DDP Files an Amicus Brief against EPA Overreach

On Dec 20, 2021 Doctors for Disaster Preparedness filed an amicus brief with the U.S. Supreme Court in the biggest energy case in a decade, West Virginia v. EPA, No. 20-1530. DDP urges the Court to end the interference with affordable energy by the Environmental Protection Agency, which was never authorized by Congress.

The question presented in the brief is whether an administrative agency can unilaterally issue rules so far-reaching as to reshape the nation’s electricity grids and “decarbonize” any sector of the economy, with virtually no limit.

“Misuse of science for an agenda of political control is dangerous, and the sort of tyranny by factionalism that the Constitution safeguards against,” DDP argues.

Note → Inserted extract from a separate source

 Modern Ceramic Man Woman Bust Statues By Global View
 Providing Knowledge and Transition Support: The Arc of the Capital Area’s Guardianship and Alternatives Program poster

The faction of climate change activists seeks broad control of our entire energy sector without authorization by Congress.

“If current trends continue, a handful of unelected bureaucrats could virtually prohibit use of the combustion engine…, and average Americans will become dependent on government allowance of electric charging stations in order to merely travel from point A to B.” Americans would also be dependent on government for access to heating, refrigeration, and lighting, the brief notes.

“Today there is no greater factional ‘zeal’, as James Madison put it, than the demand for increased government control over energy under a theory of a cataclysmic man-made climate change,” DDP argues, urging the Court to “embrace the Constitution and affirm that Congress exists to deal with such factions.”

Under EPA’s expansive interpretation of the Clean Air Act, it could control the lives of more than 300 million Americans under the guise of improving air quality. It is unlikely that even Congress has such power, DDP notes, and “it would be unconstitutional for Congress to delegate such sweeping power to an unaccountable administrator.”

“Continued unfettered delegation to administrative agencies leaves a cavernous hole in the constitutionally balanced structure of checks and balances because agencies are prone to be arbitrary and unaccountable,” DDP writes.

Allowing the administrative state to overstep these boundaries is perilous to liberty, states DDP.

Doctors for Disaster Preparedness is a group of independent scientists founded in 1984.